Sasaran pokok ini dicapai melalui sasaran antara  berbentuk terciptanya kemampuan kerja (ability to work) dan kemaun kerja  (willingness to work) dari tenaga kerja yang dimiliki organisasi tersebut.
Kemauan dan kemampuan kerja merupakan dua syarat dasar yang harus dimiliki seseorang untuk berprestasi di dalam pekerjaan yang dilakukannya.
Kemampuan kerja berhubungan dengan pengetahuan, keterampilan, bakat, minat dan pengalaman yang dibutuhkan seseorang agar dapat menyelesaikan tugas-tugas yang harus dilaksanakan sesuai dengan pekerjaan/jabatan yang didudukinya. Sedangka kemauan kerja merupakan perwujudan dari tinggi rendahnya motifasi yang bersumber dari dorongan berbentuk kebutuhan dan keingintahuan tertentu yang menyebabkan seseorang melakukan tingkah laku tertentu pula. Tingkah laku yang dimaksud adalah kehendak untuk melaksanakan tugas-tugas yang harus dilakukan sesuai dengan pekerjaan/jabatan yang didudukinya itu.

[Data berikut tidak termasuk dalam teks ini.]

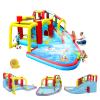 7-in-1 Inflatable Water Park Bounce House with Slide, Splash Pool, Climbing Wall, Basketball & Soccer - Large 14.7ft Kids Outdoor Jumping Castle for Backyard view 1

Seorang tenaga kerja tanpa kemampuan kerja, tidak akan dapat mencapai prestasi kerja pada tingkat yang optimal, walaupun kemauan kerjanya tinggi. Sebaliknya, seorang tenaga kerja dengan kemampuan kerja yang tinggi tetapi tidak memiliki kemauan kerja, akan menunjukan prestasi kerja yang rendah pula.[5]



[1] Bambang Wahyudi, Manajemen Sumberdaya Manusia, Sulita. Bandung: 1991. Hal. 6.

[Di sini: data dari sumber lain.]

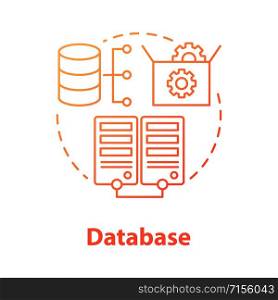 Database concept icon. Software development tools idea thin line illustration. Mobile device programming and coding. Application management and optimization. Vector isolated outline drawing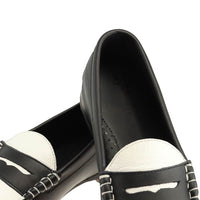 The Shag Penny Loafer in Black and White by T.B. Phelps
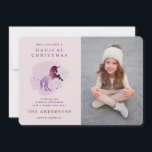 Anúncio unicórnio mágico roxo e fofo<br><div class="desc">Adicione um toque de fantasia colorida às celebrações de aniversário com este design divertido. Com um unicórnio roxo com estrelas e fundo de galáxia,  este design bonito será um favorito para todas as idades. Parte de uma coleção.</div>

[2] Bambang Wahyudi, Manajemen Sumberdaya Manusia, Sulita. Bandung: 1991. Hal. 7.
[3] Bambang Wahyudi, Manajemen Sumberdaya Manusia, Sulita. Bandung: 1991. Hal. 7.
[4] Bambang Wahyudi, Manajemen Sumberdaya Manusia, Sulita. Bandung: 1991. Hal. 11.
[5] Bambang Wahyudi, Manajemen Sumberdaya Manusia, Sulita. Bandung: 1991. Hal. 18.